脈波伝播速度は、心臓から送り出された血液により生じた拍動が、血管を通じて手や足に届くまでの速度のことで、血管が硬いほど速くなります。上腕と足首の血圧比は、血管の詰まり具合を示す数値で、通常は足首の血圧は上腕よりもやや高いものですが、その数値が逆になっている場合は動脈が脂質などで詰まって、血流が悪くなっていることが疑われます。

拡張期高血圧と診断されれば、生活習慣のチェック、高脂血症や糖尿病などのほかの心血管危険因子の合併確認、二次性高血圧の精密検査、高血圧の影響を強く受ける心臓、脳、腎臓、目などの臓器の障害の程度を評価するための検査を行います。
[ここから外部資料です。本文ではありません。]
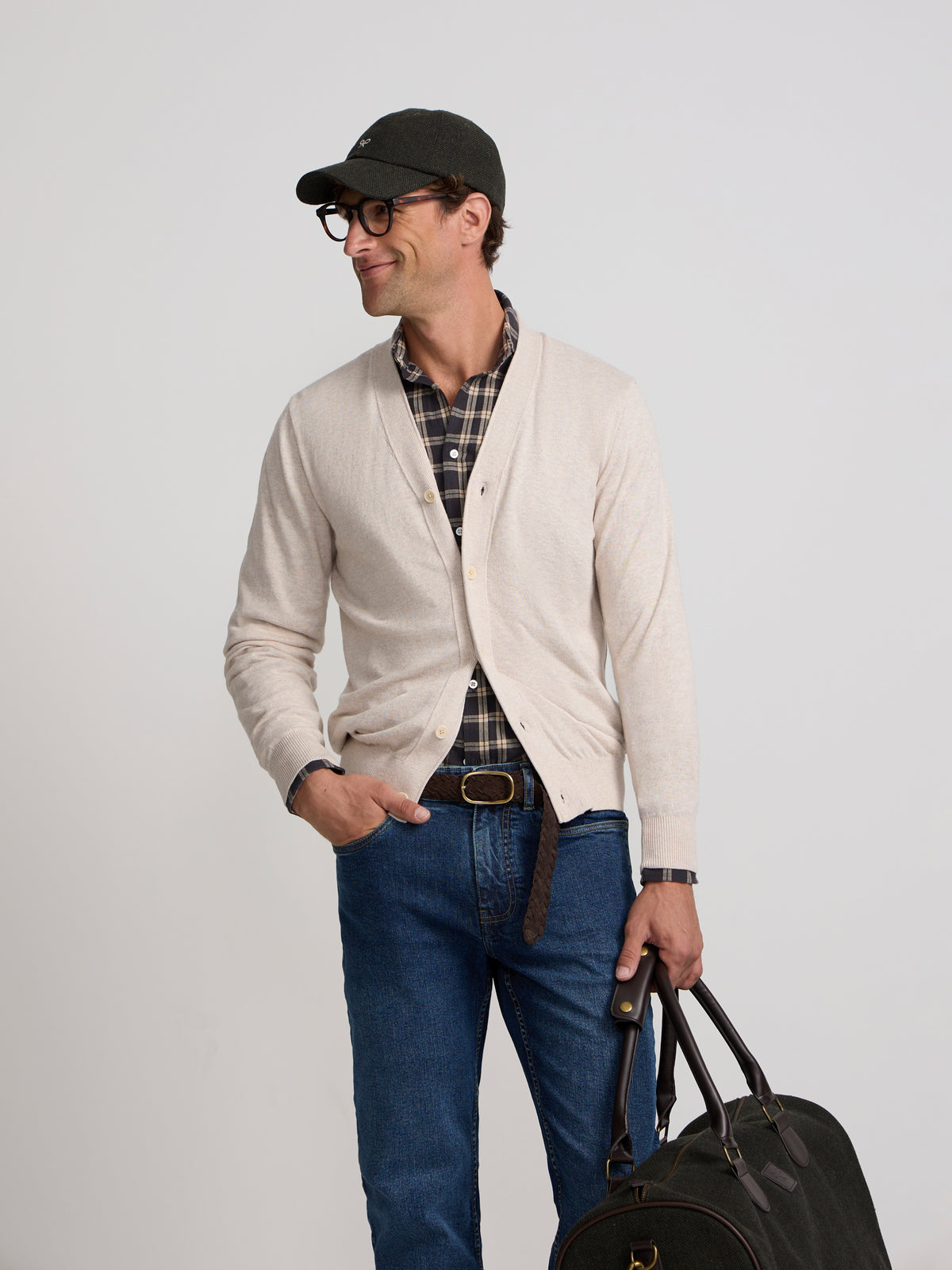 Cardigan clasico beige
内科や循環器科の医師による治療では、生活習慣改善と薬物療法の2本立てとなります。まず薬に頼らない生活習慣の改善が重要で、これだけで治療効果の上がらない場合に初めて、血圧を下げる降圧薬を使います。

生活習慣改善では、(1)食塩摂取の制限や適性体重の維持など食事療法、(2)ストレスの軽減や適度の運動など日常生活の改善、(3)禁煙や深酒の禁止など、嗜好(しこう)品の摂取の改善などを行います。

以上の療法を1カ月以上行ってもなお血圧値が高い場合に、降圧薬を処方します。高い血圧を下げるための降圧薬の進歩は目覚ましく、今日ではいろいろの種類のものが用いられ、血圧のコントロールは多くの場合、可能となっています。

しかし、降圧薬を内服しているからといって、生活習慣改善を軽んじることはできません。高血圧症治療はあくまでも食事療法と日常生活の改善などが中心であり、その効果を高めるために行われるのが薬物療法です。